Butler Parker ließ sich jedoch nicht in seinen Vorbereitungen stören. Er packte ein umfangreiches Notizbuch aus und förderte Bleistift und Spitzer zutage. Behutsam spitzte er den Bleistift nach und sah dann Rander erwartungsvoll an.

»Die ›Sulla‹«, begann Rander, »gehört Mister Clark Strander, der Ihnen als Ölmagnat bekannt sein dürfte. Er hatte diese Ferienreise für Freunde und Bekannte arrangiert. Sie wissen, ich bin vor etwa vierzehn Tagen in Miami zugestoßen. Wir fuhren zuerst nach Haiti, dann hinüber zu den Kleinen Antillen. Auf der Rückreise legten wir zuerst in Puerto Rico an, und dann nahmen wir Kurs auf Jamaica und Cienfuegos. Zwischen Montego auf Jamaica und Cienfuegos ereignete sich dieser angebliche Unfall, den ich als Mord betrachte.«

»Darf ich mir die Freiheit erlauben, Sir, jetzt nach den Namen der Gäste zu fragen?« sagte Parker und senkte die Bleistiftspitze auf das Papier.

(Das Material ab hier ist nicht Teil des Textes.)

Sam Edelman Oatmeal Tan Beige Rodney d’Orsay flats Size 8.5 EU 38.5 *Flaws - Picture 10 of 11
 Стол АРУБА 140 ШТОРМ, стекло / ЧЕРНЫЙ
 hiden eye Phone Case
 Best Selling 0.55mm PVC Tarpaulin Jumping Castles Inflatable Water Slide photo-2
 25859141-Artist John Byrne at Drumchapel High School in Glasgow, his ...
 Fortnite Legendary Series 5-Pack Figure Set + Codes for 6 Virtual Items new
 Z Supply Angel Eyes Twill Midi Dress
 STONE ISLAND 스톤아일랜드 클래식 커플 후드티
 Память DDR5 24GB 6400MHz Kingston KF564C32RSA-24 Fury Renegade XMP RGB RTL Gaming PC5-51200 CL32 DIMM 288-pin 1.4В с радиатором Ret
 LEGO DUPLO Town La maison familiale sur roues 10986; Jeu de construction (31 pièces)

»Natürlich, also halten Sie folgendes fest: Zuerst erwähne ich das Personal an Bord … Strander hat sich damit sehr gut ausgerüstet. Es gibt sechs Seeleute, zwei Stewards, zwei Köche, den Kapitän und den Steuermann, der gleichzeitig als Erster Offizier fungiert. Haben Sie das?«

»Bereits notiert«, erwiderte Parker gelassen.

»Schön, dann jetzt also die Fahrgäste«, zählte Mike Rander weiter auf. »Zuerst haben wir da Strander, dann eine Helen Grade, die Schauspielerin sein soll, obgleich sie bisher noch keine Rolle erhalten hat. Sie bemüht sich sehr um Strander, aber das nur am Rande.

Dann ist da ein gewisser Mike Vellers, der Makler ist. Ferner Richard Strollen, ein Schauspieler, dessen große Zeit längst vorüber ist. Er wird von allen immer nur gehänselt und ärgert sich jedesmal prompt wie auf Bestellung. Vor ihm müssen Sie sich besonders hüten, Parker. Er ist geradezu versessen darauf, von alten, besseren Zeiten zu erzählen. Wenn er erst einmal anfängt, dann hört er so leicht nicht wieder auf.

Dann haben wir es ferner mit Walter B. Winchel zu tun, einem Filmproduzenten, der sich von Strander eine Menge Geld erhofft, um einen Film drehen zu können. Als Lockvogel hat er eine Schriftstellerin mitgebracht, die sich Liz Talbot nennt.

Und schließlich befindet sich an Bord noch Michael Trotters. Das heißt, er befand sich an Bord …«

»Darf ich vermuten daß dies der Tote ist, der ermordet wurde?«

»Richtig, Trotters war Sekretär von Strander. Der angebliche Unfall, der ihm zustieß, ist mehr als merkwürdig. Warum, will ich Ihnen auch gleich sagen, Parker … Vor zwei Nächten, es war gegen Morgen, erscholl der Ruf ›Mann über Bord‹. Selbstverständlich stoppte die ›Sulla‹ sofort. Wir suchten mit dem Scheinwerfer die Wasseroberfläche ab, aber wir konnten einfach nichts ausmachen. Es war wie verhext. Die See lag vollkommen still, dennoch war nichts zu entdecken. Nach stundenlangem Suchen gaben wir bei Helligkeit endlich auf: Trotters blieb verschwunden.«

»Ich höre, Sir, ich höre …«, sagte Parker nur und malte unverständliche Zeichen in sein Notizbuch.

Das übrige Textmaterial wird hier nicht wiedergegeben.